But from debug message I put in, I can see the state of the gateway is 'dynamic', not 'down'. That is not the only problem though - when I tried printing out the IP address as it is fetched for the pfctl command like this:

$int_ip = get_interface_ip($gateway['interface']);

at the point this routine executes, the pppoe interface has (I think) been killed, so there is no IP address to fetch. I was trying to figure out where this all happens, but got kind of lost. It would be nice to get this working, but for the moment, I think I might just patch the code that runs on interface bring-up to do 'pfctl -b' on the LAN IP of the asterisk server, as opposed to the WAN IP of the gateway. It isn't like that address is going to be changing randomly.

#20 Updated by Chris Buechler over 9 years ago

  • Status changed from Feedback to New

sounds like a suitable work around. Also please report back how pfctl -b works for you Dan, it hasn't been tested much/at all.

Re-opening this as it's clearly broken

#21 Updated by Ermal Luçi over 9 years ago

  • Status changed from New to Feedback

Seems the pfctl -b on ppp-linkdown has been lost in the history.
I putted back so it should be ok even in PPP links case like PPPoE/PPTP/etc...

#22 Updated by Chris Buechler about 9 years ago

  • Status changed from Feedback to New

This still doesn't work, when a link fails its states aren't deleted. Running 'pfctl -b $interfaceip' manually also doesn't work.

#23 Updated by Chris Buechler about 9 years ago

I should clarify - seems only the NAT states are still around.

#24 Updated by Ermal Luçi about 9 years ago

Can you please be more clear what you mean by nat states?

#25 Updated by Chris Buechler about 9 years ago

  • Status changed from New to Resolved

It appeared previously that firewall states would all be gone but states such as:

10.0.0.22:52559 -> 7.2.0.15:15963 -> 18.1.0.4:53

would still be around.
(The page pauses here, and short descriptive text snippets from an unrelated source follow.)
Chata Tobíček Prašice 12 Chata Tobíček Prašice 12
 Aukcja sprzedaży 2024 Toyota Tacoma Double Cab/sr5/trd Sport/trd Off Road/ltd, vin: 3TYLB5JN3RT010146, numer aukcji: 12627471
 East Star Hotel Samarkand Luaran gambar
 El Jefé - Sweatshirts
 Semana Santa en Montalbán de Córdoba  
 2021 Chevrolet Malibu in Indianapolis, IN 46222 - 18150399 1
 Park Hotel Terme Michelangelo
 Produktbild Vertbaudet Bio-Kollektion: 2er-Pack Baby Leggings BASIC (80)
But that's not the case after further testing on an August 3 build.

#26 Updated by Perry Mason about 9 years ago

I still have this issue on a August 4 build

udp    87.54.25.131:5060 <- 192.168.11.20:5060    MULTIPLE:MULTIPLE
udp    192.168.11.20:5060 -> 192.168.102.100:5060 -> 87.54.25.131:5060    MULTIPLE:MULTIPLE
Those states doesn't get cleared when the failover happens.

#27 Updated by Chris Buechler about 9 years ago

  • Status changed from Resolved to New

True, running pfctl -b manually does work, but it's not run properly at failover.

#28 Updated by Mark Huijgen about 9 years ago

I have done some testing regarding this issue around 24th of June.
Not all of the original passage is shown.